The 2 Biggest Risks Facing Stocks Right Now [View article]
Hello Gerry,
Thanks for your comment. You raise excellent points here as always.
Thanks for sharing Cullen Roche's recent article on JGBs. I have been a long time follower of Cullen's and remember reading this specific article, so I appreciate where you are coming from by sharing it completely. I know where Cullen is coming from in his point, but I view it a bit differently for the same reasons that you have highlighted in your comment. Moreover, viewing data like yields on a standard scale can be a bit deceiving because it obscures the impact of convexity. And for a 10-year bond with a yield of 1% or less, the impact of convexity is extreme.
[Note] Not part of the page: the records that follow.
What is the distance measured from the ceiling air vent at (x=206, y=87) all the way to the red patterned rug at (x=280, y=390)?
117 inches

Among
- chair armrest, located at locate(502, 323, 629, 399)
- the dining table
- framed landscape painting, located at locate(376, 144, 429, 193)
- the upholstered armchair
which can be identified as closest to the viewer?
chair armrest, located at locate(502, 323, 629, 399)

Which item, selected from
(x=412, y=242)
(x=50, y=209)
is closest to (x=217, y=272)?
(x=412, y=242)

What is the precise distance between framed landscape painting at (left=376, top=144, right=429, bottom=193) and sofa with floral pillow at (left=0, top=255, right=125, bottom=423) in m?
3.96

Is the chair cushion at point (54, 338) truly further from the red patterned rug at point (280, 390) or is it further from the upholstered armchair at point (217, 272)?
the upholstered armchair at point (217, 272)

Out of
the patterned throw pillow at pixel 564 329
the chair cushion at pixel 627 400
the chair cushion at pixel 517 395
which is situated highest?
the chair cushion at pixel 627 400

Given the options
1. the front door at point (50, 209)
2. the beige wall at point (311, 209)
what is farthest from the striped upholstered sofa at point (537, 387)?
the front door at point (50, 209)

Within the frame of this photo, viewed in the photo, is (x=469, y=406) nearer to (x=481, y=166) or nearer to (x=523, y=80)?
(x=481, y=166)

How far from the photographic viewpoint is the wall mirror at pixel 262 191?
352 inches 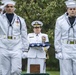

The following is a vastly oversimplified example to highlight this point. Suppose a $1,000 par value bond has a coupon of $80, implying a coupon rate of 8%. If the yield to maturity on this bond is 10%, the current value of the bond would be $800 (80/800 = 10%). Thus, a two percentage point move higher in the bond yield at this higher coupon rate resulted in a 20% loss in the value of the bond. Now suppose a $1,000 par value bond has a coupon of $5, implying a coupon rate of 0.5%. If the yield to maturity on this bond suddenly moves to 1%, the current value of the bond would be $500 (5/500 = 1%). Thus, just a half percentage point move higher in the bond yield at this much lower coupon rate resulted in a 50% loss in the value of the bond. Once again, while this is a vastly oversimplified example with many elements held equal, it highlights how the impact of convexity is obscured when looking at yields on a standard scale absolute number basis.
But with all of this being said, I agree with Cullen's point and I appreciate you raising it here that not too much should be made about the move in JGB yields to this point. But if the volatility and trend higher continues going forward, the potential for increasing instability could quickly present themselves in full force.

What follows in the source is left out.